A rare thing

In view of the tumultuous events in recent memory, economists should not be surprised by anything.

Nevertheless, the strong U.S. dollar comes as a shock; it is a rare thing nowadays. It should be recognized that the external value of that currency is of crucial importance to Canada.

We are importing each month more than $20 billion in goods from the United States. The recently expensive U.S. dollar has had a tremendous impact on so much of our economy, rising costs on everything from food to capital equipment, and such items as automobiles.

A strengthening U.S. dollar is historically a rare thing. The upward moves early in the 1980s and again in the late 1990s were aberrations from the generally declining U.S. dollar. Ever since the Bretton Woods Agreement more than four decades ago, the U.S. currency has fallen in value against the currencies of other major developed nations.

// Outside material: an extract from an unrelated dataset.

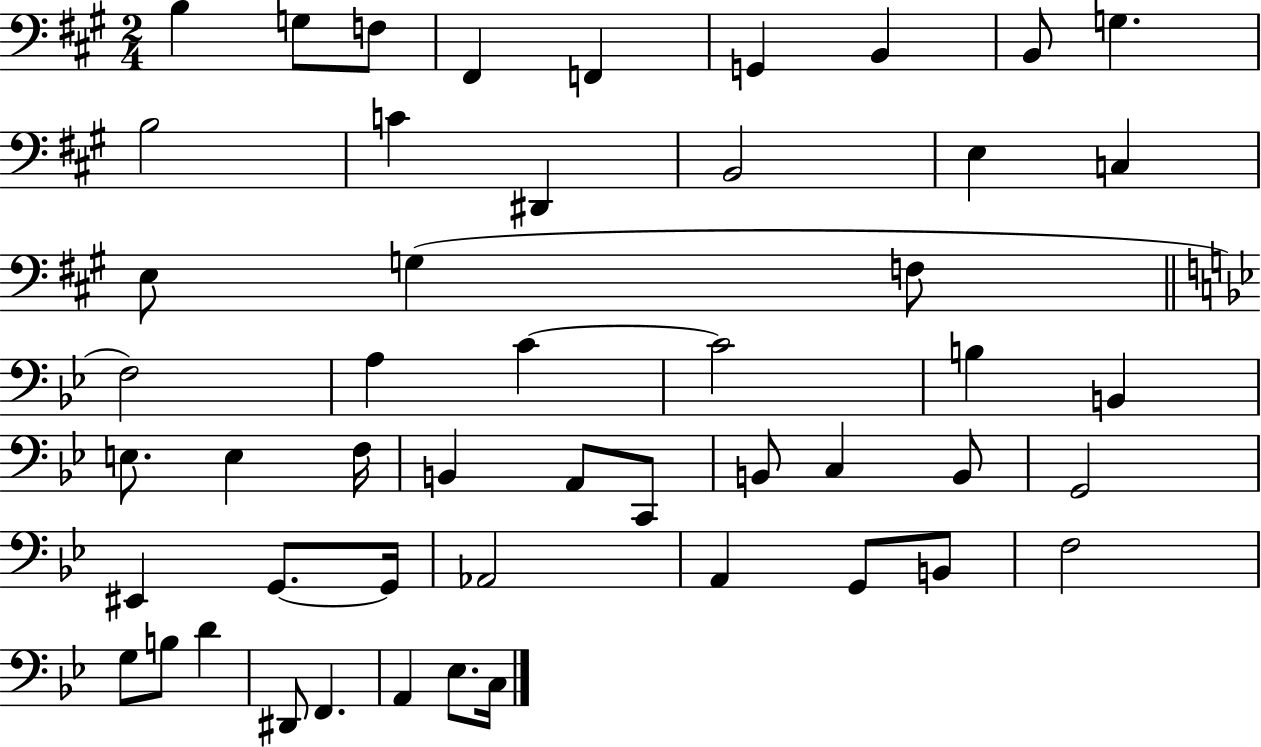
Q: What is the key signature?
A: A major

Inasmuch as trends do not usually proceed in a straight line, some suggest that it is about time for a rebound to occur.

The immediate trigger for the strong U.S. currency is the belief that the U.S. federal reserve’s purchase of bonds with printed money may start to taper in the coming months. The probability then is that the end of so-called quantitative easing would push up interest rates significantly. That would entail a sharp rise in capital inflows there, as capital would flow from riskier nations in the world. That obviously pushed up the U.S. dollar.

Also with the decline in money printing that was part of quantitative easing, the existing dollar would be more valuable.

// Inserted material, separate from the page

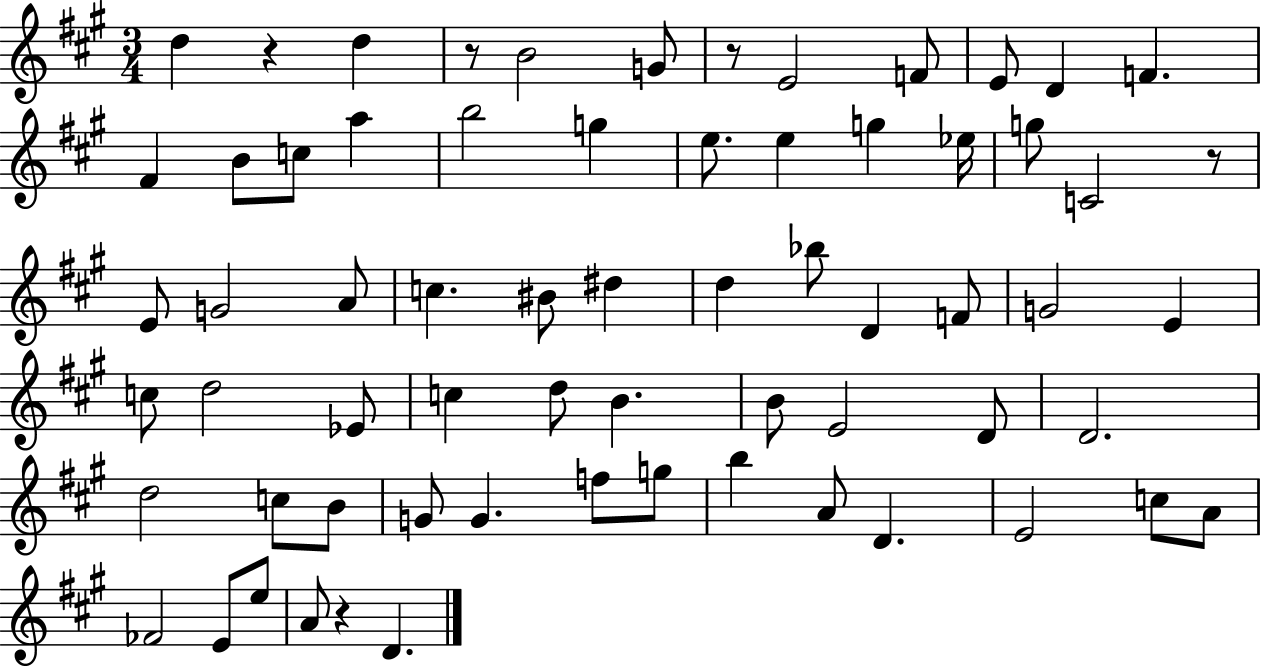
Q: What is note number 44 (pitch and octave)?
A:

There are other factors at work, but the U.S. economy is improving. Mortgage rates are falling and the housing industry is responding with a sizable recovery. Non-farm payrolls continue to expand, and GDP growth is stronger, though not at an exuberant rate.

Other nations are not faring as well. Japan remains mired in a recession, but a recovery seems to be underway. Economic conditions in Europe are stabilizing, but still, it fails to attract much investment that would strengthen the euro. While the Chinese economy continues to grow, investment there remains hazardous; the rules and regulation of the Communist Party are not attractive compared to the United States.

Given the above it is not unexpected that the U.S. continues to be a relatively attractive place for investment.

All but forgotten is the precarious state of the U.S. economy – with its overhang of trillions of dollars in national debt, bankrupt cities, unfunded pension funds, and its foreign trading accounts continuing to be several hundred billion dollars short – but that will reassert itself in a year or so.

That will be a boon to our export markets and to the entire Canadian economy.